Big Blue is getting ready to do a bunch of enhancements on its Power Systems lineup either this week or perhaps next week, but don't expect any kickers to the current eight-core Power7 processors, which first made their debut in February 2010 and were rolled out through the summer of last year. That's because, contrary to what …
in the form of new POWER 770 and POWER 780 systems.
The new POWER 770 (which is the one that I normally use) will at
64 cores@3.3 GHz and 4TB of RAM doing 4,132 Watts at 100% utilization
versus the old one which will at
64 cores@3.1 GHz and 2TB of RAM doing 4,472 Watts at 100% utilization.
So 5% more oomph with x2 the amount of RAM using 8% less POWER.
Sure reminds me of the Jump from POWER5 to POWER5+.
// Jesper
Ok, fair enough, that is a decent improvement. I think it is wise to also focus on lowering power consumption, and not just performance. I did not even know the POWER7+ is already here.
Actually I personally bought my first IBM gear recently. An IBM M1015 disk controller card. It is cheap, and good. It is a rebranded LSI 2008 card that can be flashed with LSI 2008 BIOS to an LSI 9240-8i(?). Because it was IBM gear, I never hesitated to buy it. People might have opinions about IBM performance, but it is well known that IBM server gear is sturdy and of high quality. Risk free to buy IBM gear, you will not get crap.
Well, when I look around the home office.. it says HP printer, HP scanner, Philips screen, Toshiba laptop, hp calculator (I did use to study physics) .

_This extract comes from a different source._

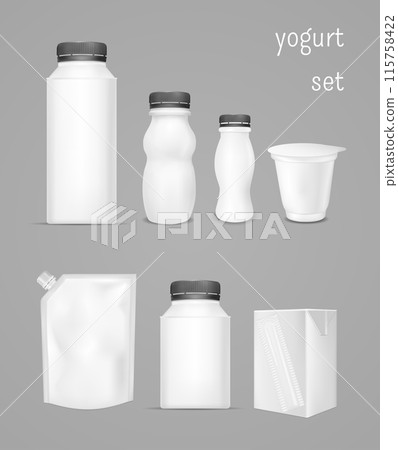 White empty bottle for yogurt. Packaging for sour cream, sauce and juice 115758422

And well I don't know if the new system's announced are actually POWER7+ (32nm), or just a 'we've gotten better at making POWER7' version of the chip I don't really know. *shrug*
Well the real change is the increase in RAM x2 for the POWER 770 is a real game changer for us, it basically means x2 the amount of load on the machine. So for RL performance this is good. Furthermore the announcements talk about increased IO bandwidth, I supposed that means that the P5IOC chips that only ran at GX+ speeds have been updated. That should give the machine x2 IO when only using the system units IO and 33% more when using IO drawers.
The POWER 780 now supposedly goes to 16 sockets, according to the IBM homepage, So basically this means that the machine has quite an unused potential of IO and memory bandwidth.
An option like the IBM has on the x3850 and x3690 with extra memory in an addon box would be great.
But with 16 sockets, the POWER 780 actually surpasses the M9000 with 64 sockets on the specint2006rate high score.
// jesper
To be quite frank, without the help of redpieces and redbooks, we would be lost trying to figure out how to design a solution.
The normal IBM websites are today to infested with marketing bullsh*t and fancy flash stuff that doesn't really help you. And to be honest, although they have greatly improved, the manuals do contain all to many circular references. And it can usually take som time to actually locate what you need. Much easier in the old days where there just were a PDF file that contained it all.
// Jesper
As far as I can see, all teh vendors seem to have rubbish webbies, and not exactly brilliant documentation. But I suspect that's to make sure you go on the vendor training courses, which all now cost a rediculous amount, and seem to have gone from being centers for customer education to merely profit-making machines.